(Recorded data)
_ _ _ _ _ _ _
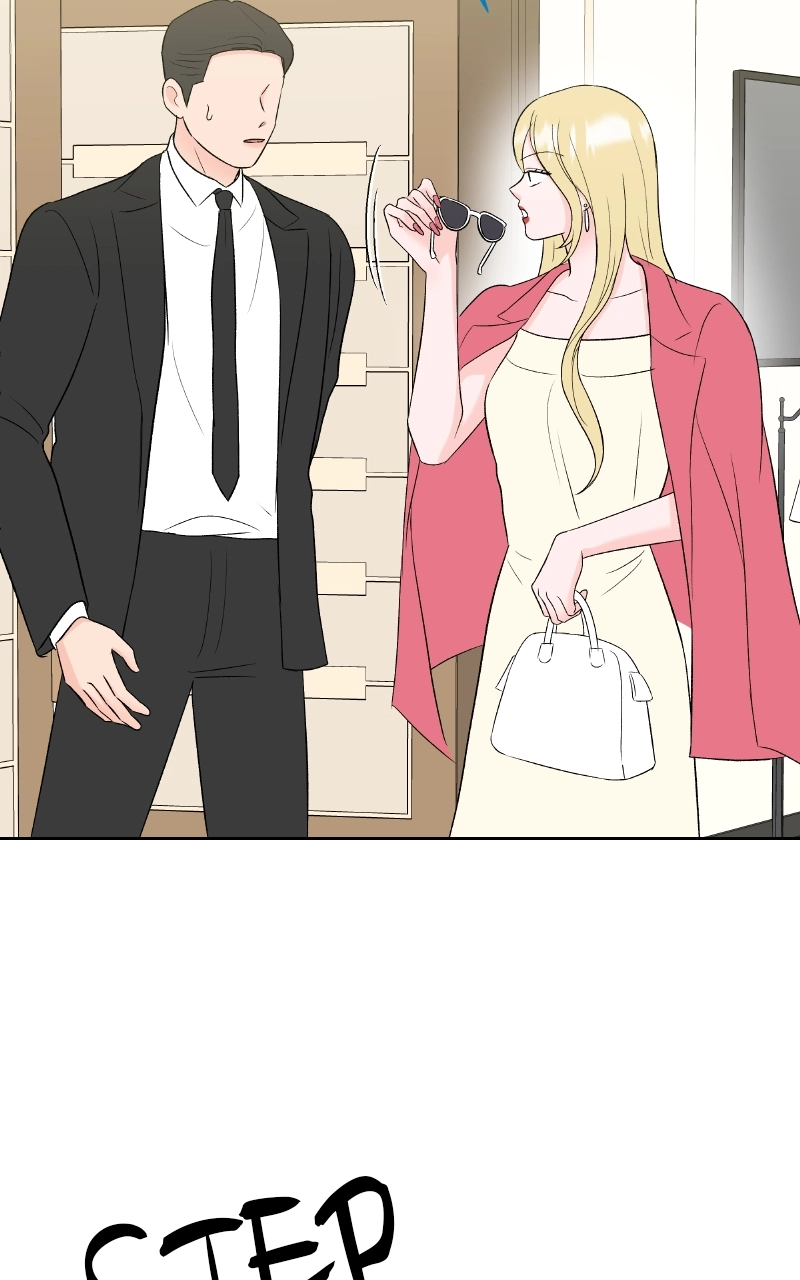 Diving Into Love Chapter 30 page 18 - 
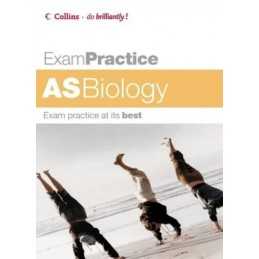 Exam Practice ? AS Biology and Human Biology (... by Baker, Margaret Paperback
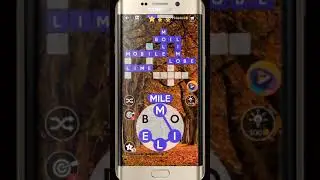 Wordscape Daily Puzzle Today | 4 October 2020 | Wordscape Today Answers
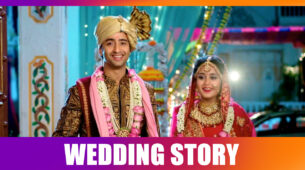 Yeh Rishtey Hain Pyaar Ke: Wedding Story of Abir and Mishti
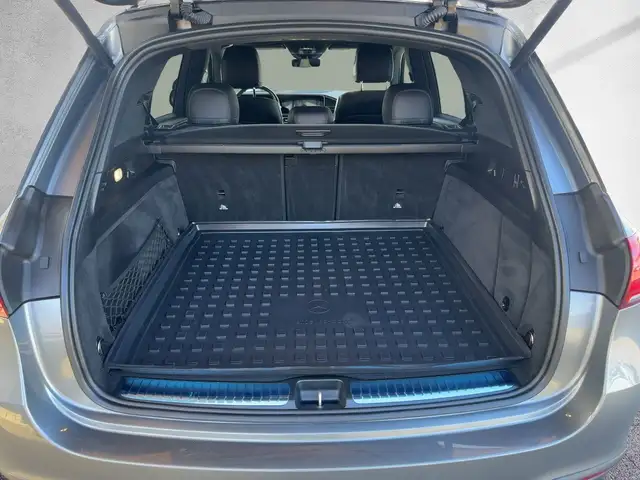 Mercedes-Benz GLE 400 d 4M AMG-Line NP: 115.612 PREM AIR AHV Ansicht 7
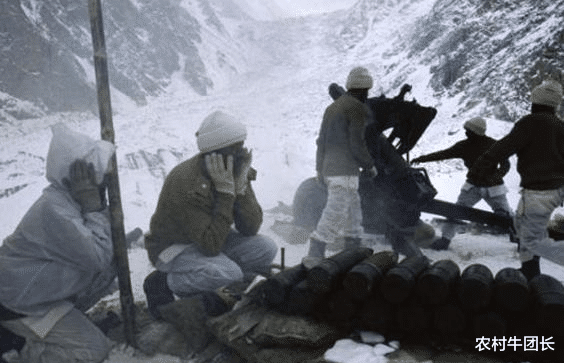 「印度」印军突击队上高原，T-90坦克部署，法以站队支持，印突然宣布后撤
_ _ _ _ _ _ _
WORK REQUIRED: Restate each entry word for word; omit the pictures.

TASK RESULT:
 Diving Into Love Chapter 30 page 18 - 
 Exam Practice ? AS Biology and Human Biology (... by Baker, Margaret Paperback
 Wordscape Daily Puzzle Today | 4 October 2020 | Wordscape Today Answers
 Yeh Rishtey Hain Pyaar Ke: Wedding Story of Abir and Mishti
 Mercedes-Benz GLE 400 d 4M AMG-Line NP: 115.612 PREM AIR AHV Ansicht 7
 「印度」印军突击队上高原，T-90坦克部署，法以站队支持，印突然宣布后撤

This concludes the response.